■ **Task requirements**: Only the lines from the line containing "细糯种黄翡缅甸翡翠画龙点睛挂件" through the final line of the entries should be printed, exactly as given, with the pictures left out.

■ **Source data**:

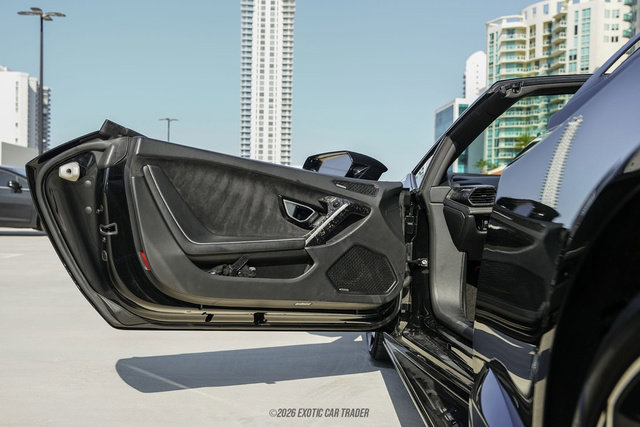 Used 2020 Lamborghini Huracan EVO AWD/4WD image 26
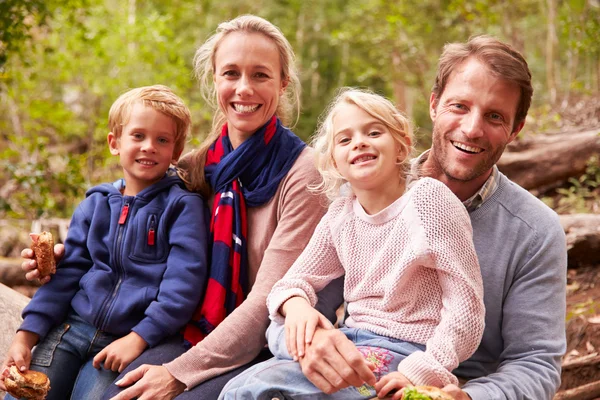 Familjen äter smörgåsar utomhus — Stockfoto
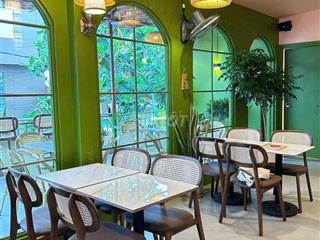 SANG NHƯỢNG NHÀ HÀNG ĐANG KINH DOANH CĂN GÓC ĐƯỜNG HỒNG BÀNG CHỈ 260TR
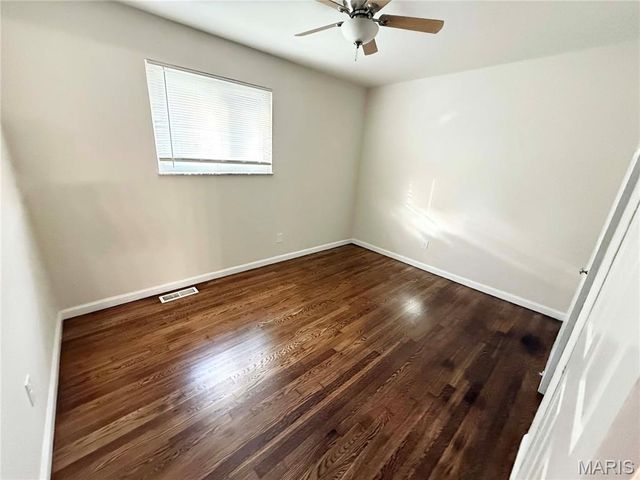 2750 Robert Drive, Florissant, MO 63031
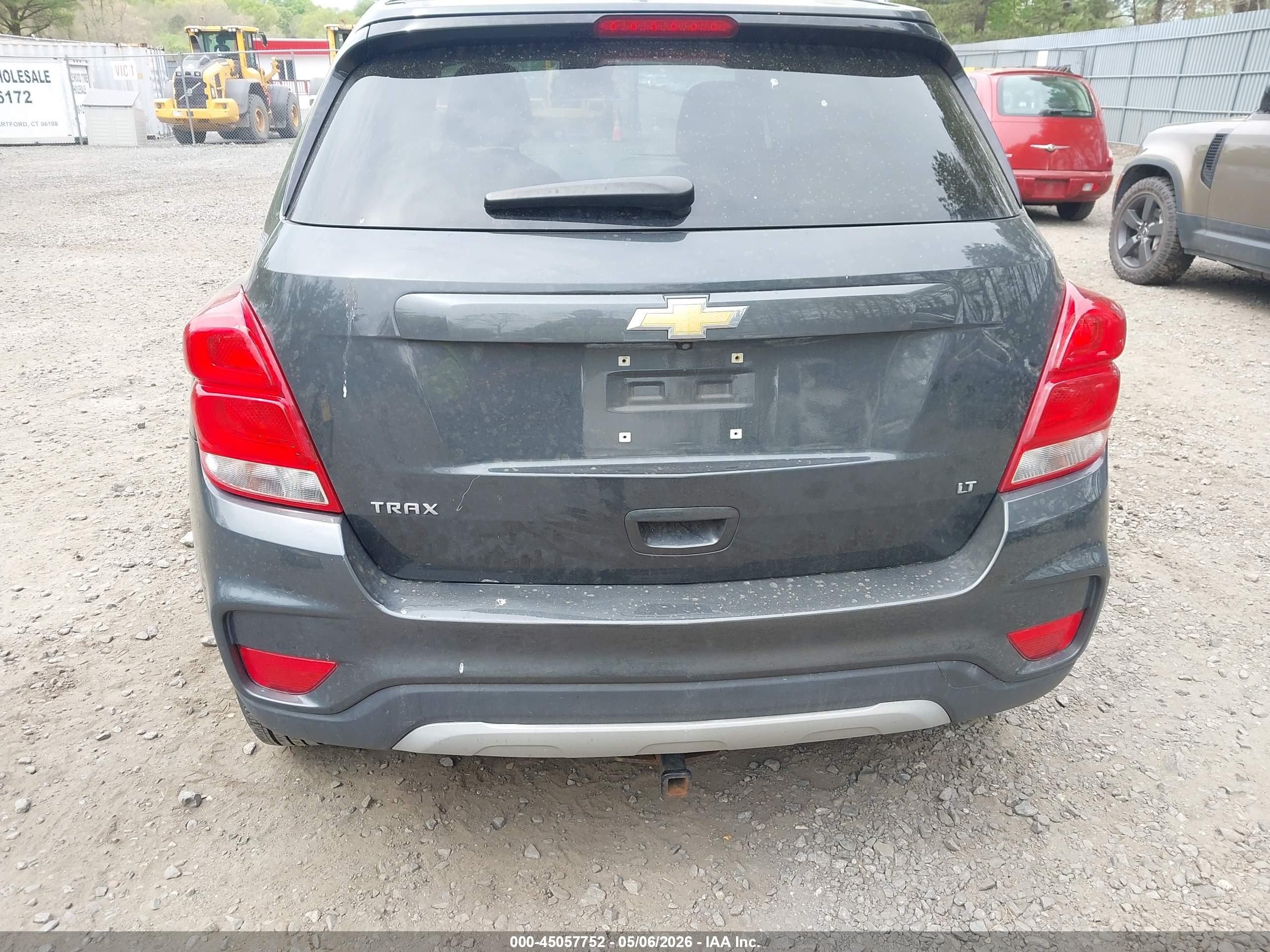 CHEVROLET TRAX image 6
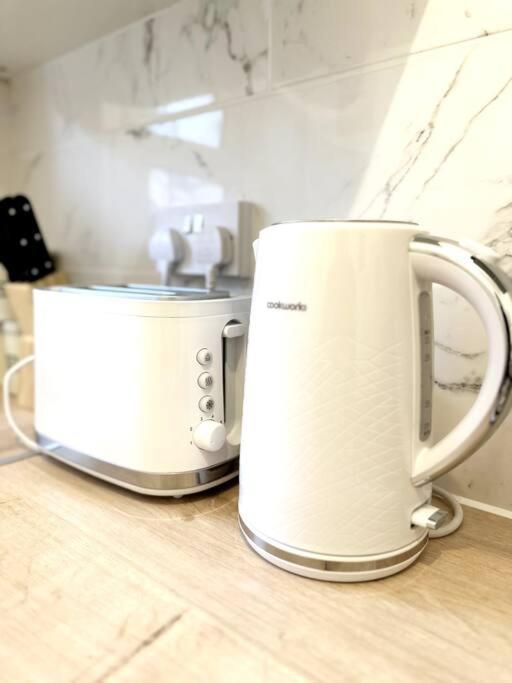 Quirky 3 Bedroom Flat In Shoreditch ロンドン エクステリア 写真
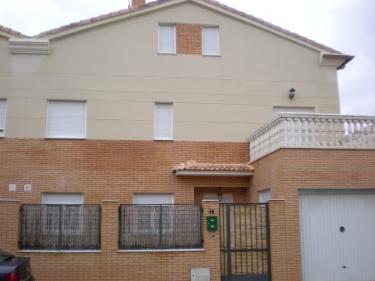 Comprar Chalet Yunquera de Henares centro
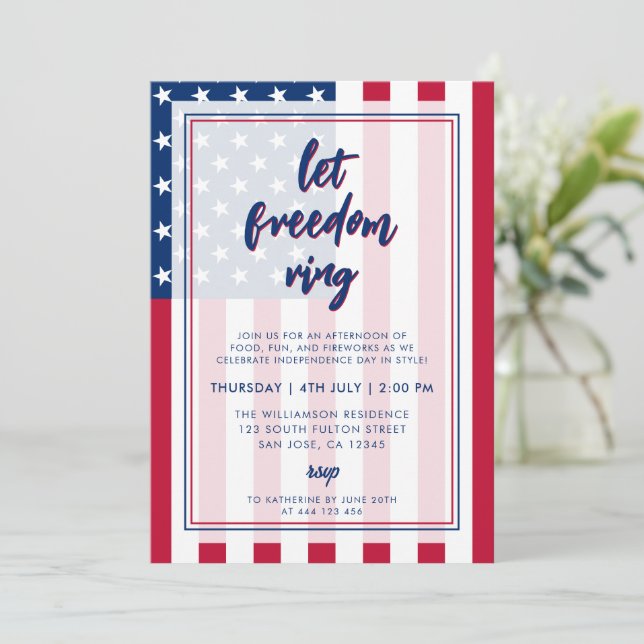Red White and Blue American Flag 4. Juli Einladung (Stehend Vorderseite)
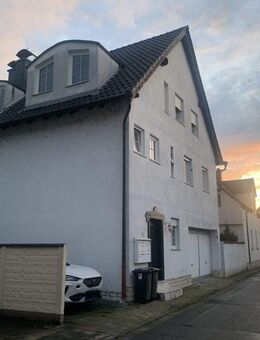 Lichtdurchflutete Maisonette mit Dachstudio, Balkon und Garage - komplett möbliert! - Griesheim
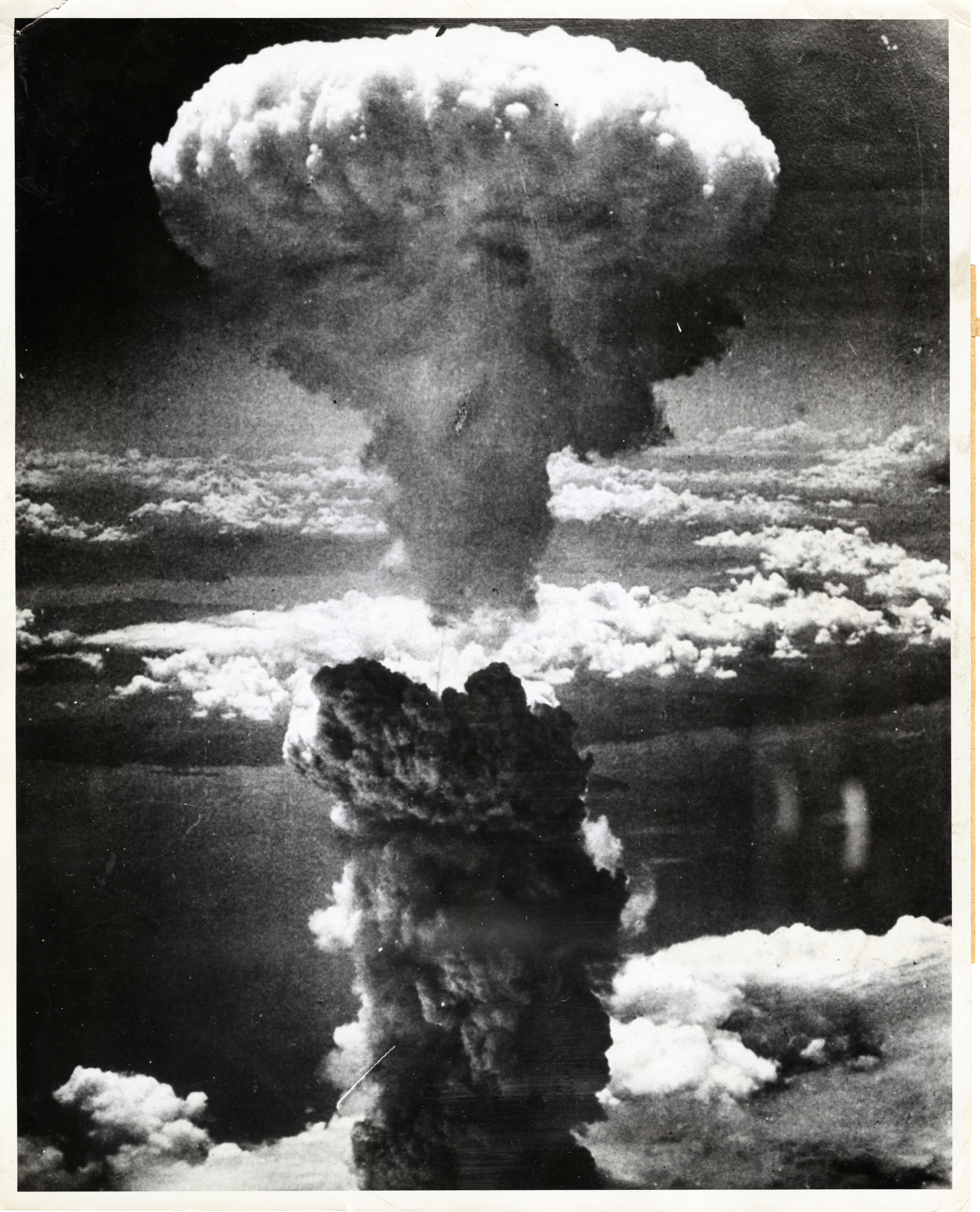 Mushroom cloud over Nagasaki, Japan, 9 August 1945 | The ...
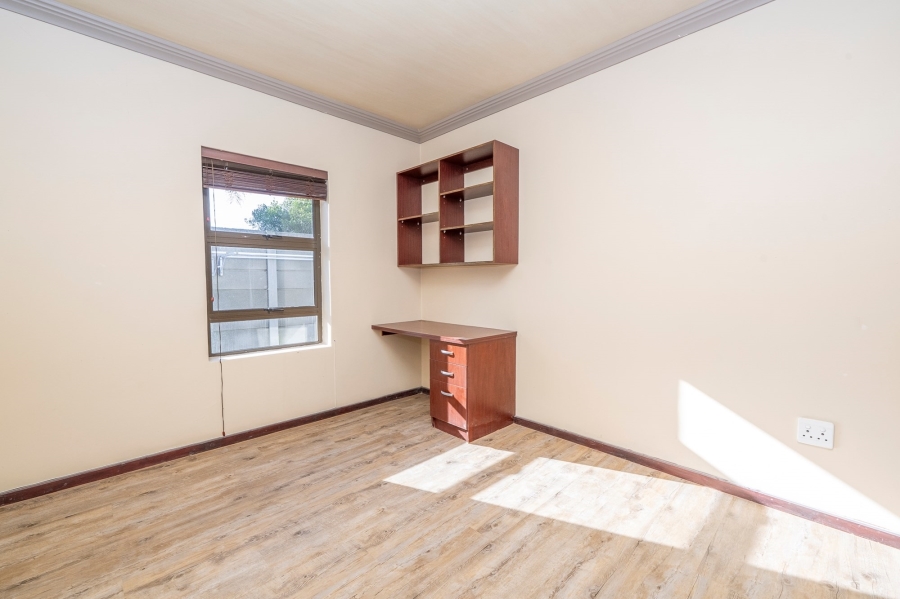 4 Bedroom Property for Sale in Sonkring Western Cape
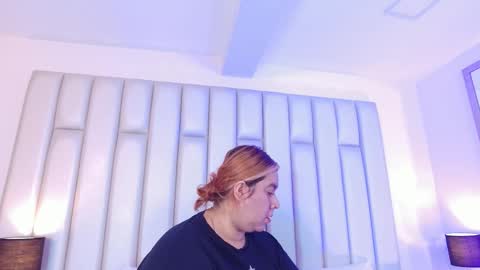 Snapshot of adreeaperez1 chatting on 02.04.26 ANDREA PEREZ online show from 02.04.26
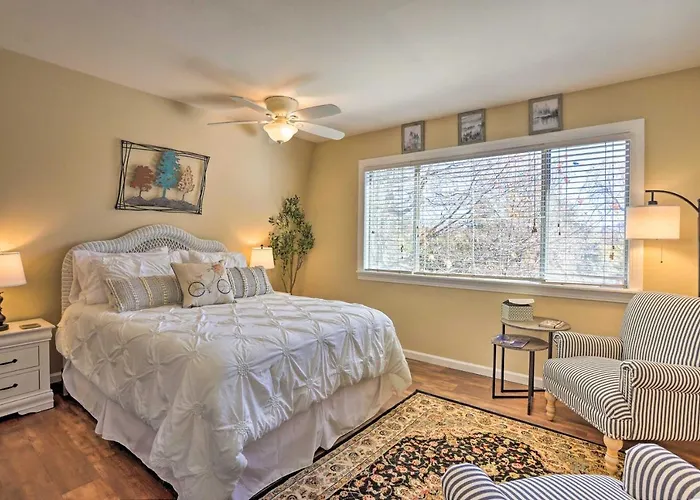 Lake Arrowhead Studio Near Hiking W/ Hot Tub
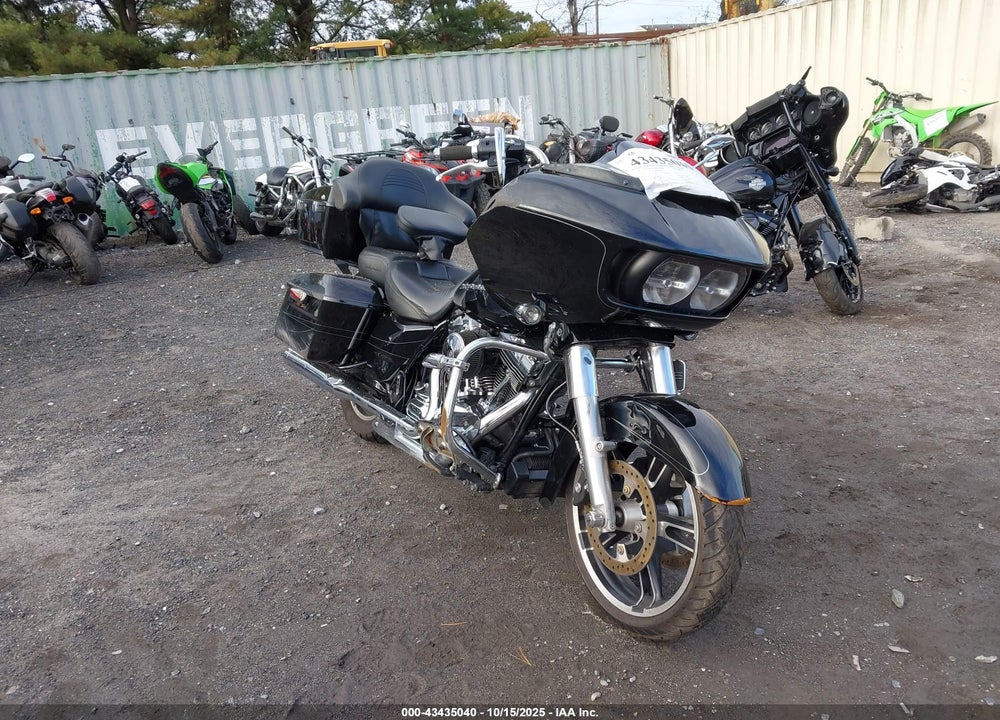 2016 HARLEY-DAVIDSON FLTRXS ROAD GLIDE SPECIAL VIN: 1HD1KTM12GB642994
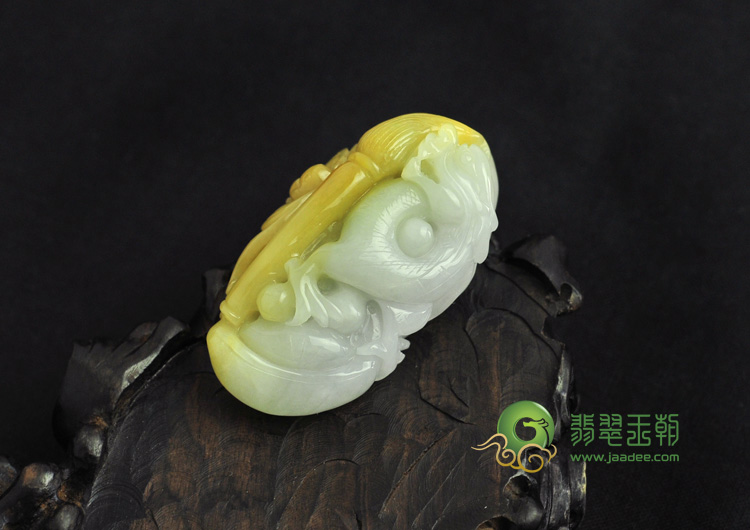 细糯种黄翡缅甸翡翠画龙点睛挂件
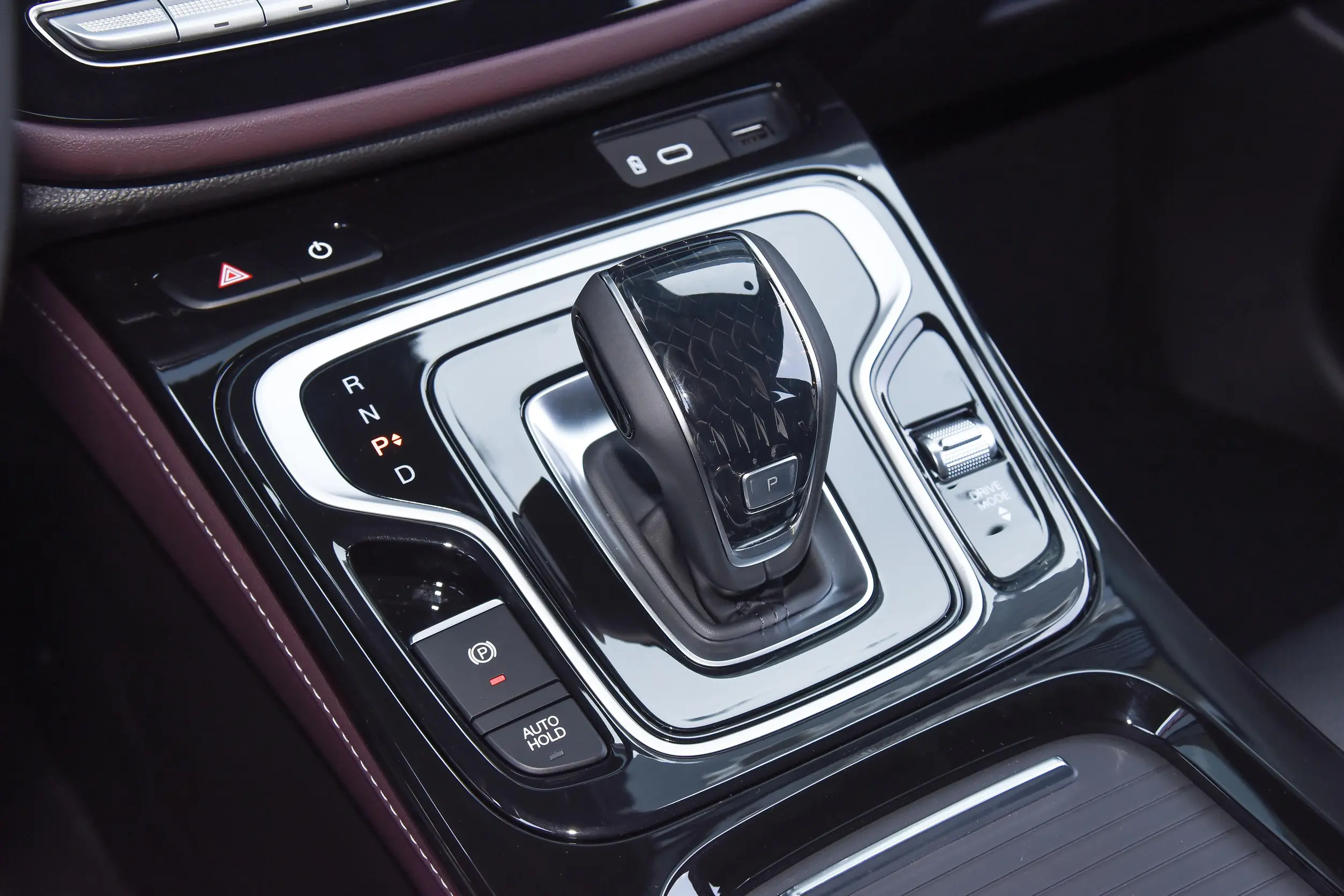 gac trumpchi m6 2023 интерьер-3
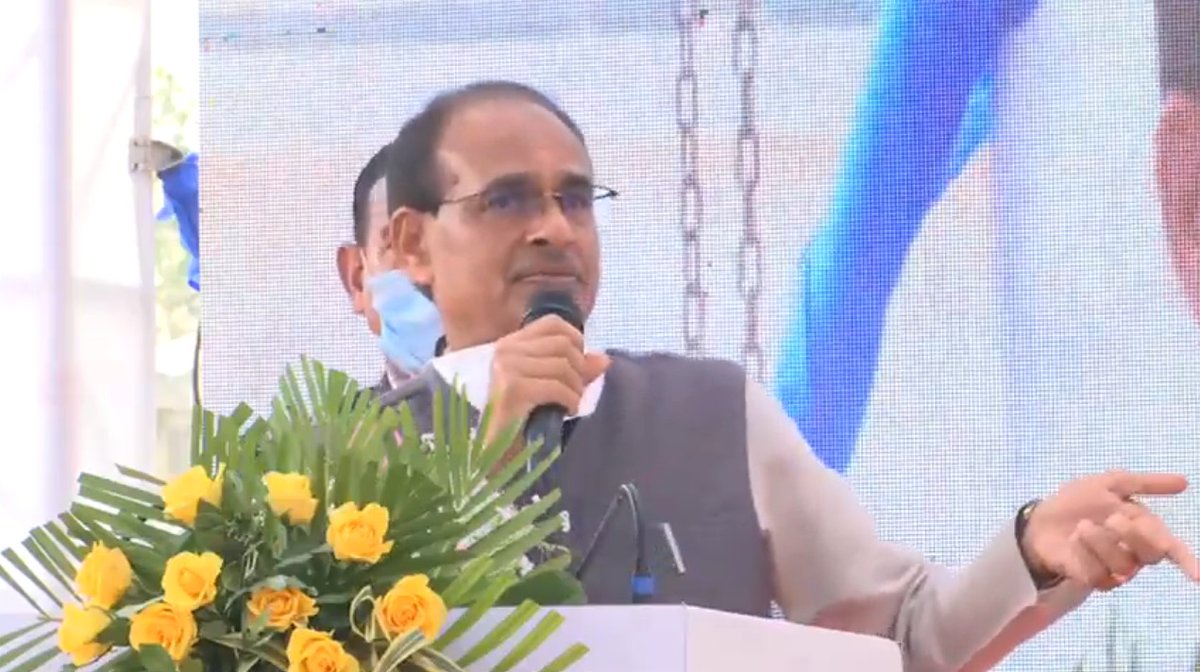आने वाले कुछ वर्षों में प्रधानमंत्री नरेंद्र मोदी जी के सपने को लोकल को वोकल बनाएंगे, यहां बनीं हुई चीजों को सारी दुनिया में भेजें। इंदौर इसमें रिकाॅर्ड कायम करेगा। इंदौर में अपार संभावनाएं हैं : मुख्यमंत्री श्री <a href="/ChouhanShivraj/">Shivraj Singh Chouhan</a> 
#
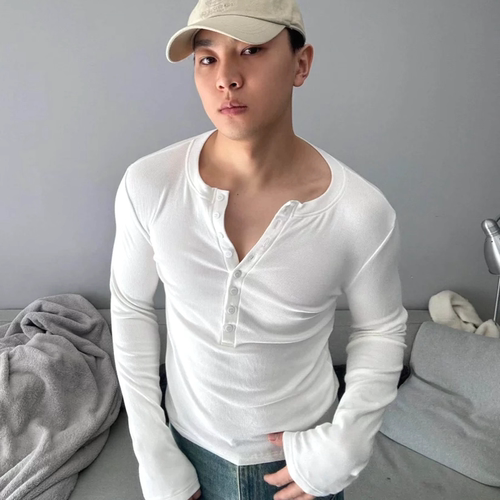 性感V领排扣纯色打底衫修身长袖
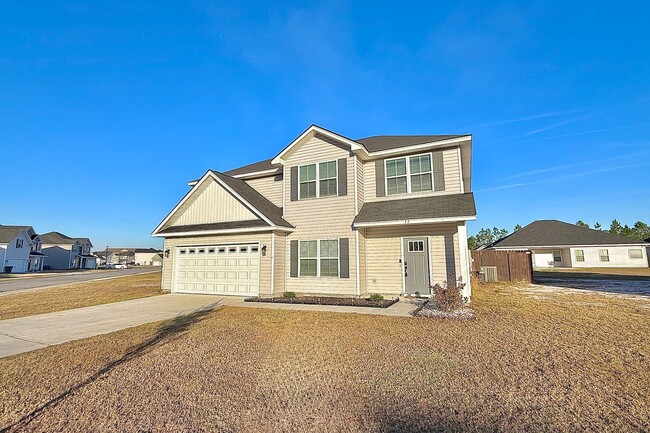 Building Photo - AVAILABLE NOW! (Pet Friendly)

■ **Response**:
 细糯种黄翡缅甸翡翠画龙点睛挂件
 gac trumpchi m6 2023 интерьер-3
आने वाले कुछ वर्षों में प्रधानमंत्री नरेंद्र मोदी जी के सपने को लोकल को वोकल बनाएंगे, यहां बनीं हुई चीजों को सारी दुनिया में भेजें। इंदौर इसमें रिकाॅर्ड कायम करेगा। इंदौर में अपार संभावनाएं हैं : मुख्यमंत्री श्री <a href="/ChouhanShivraj/">Shivraj Singh Chouhan</a> 
#
 性感V领排扣纯色打底衫修身长袖
 Building Photo - AVAILABLE NOW! (Pet Friendly)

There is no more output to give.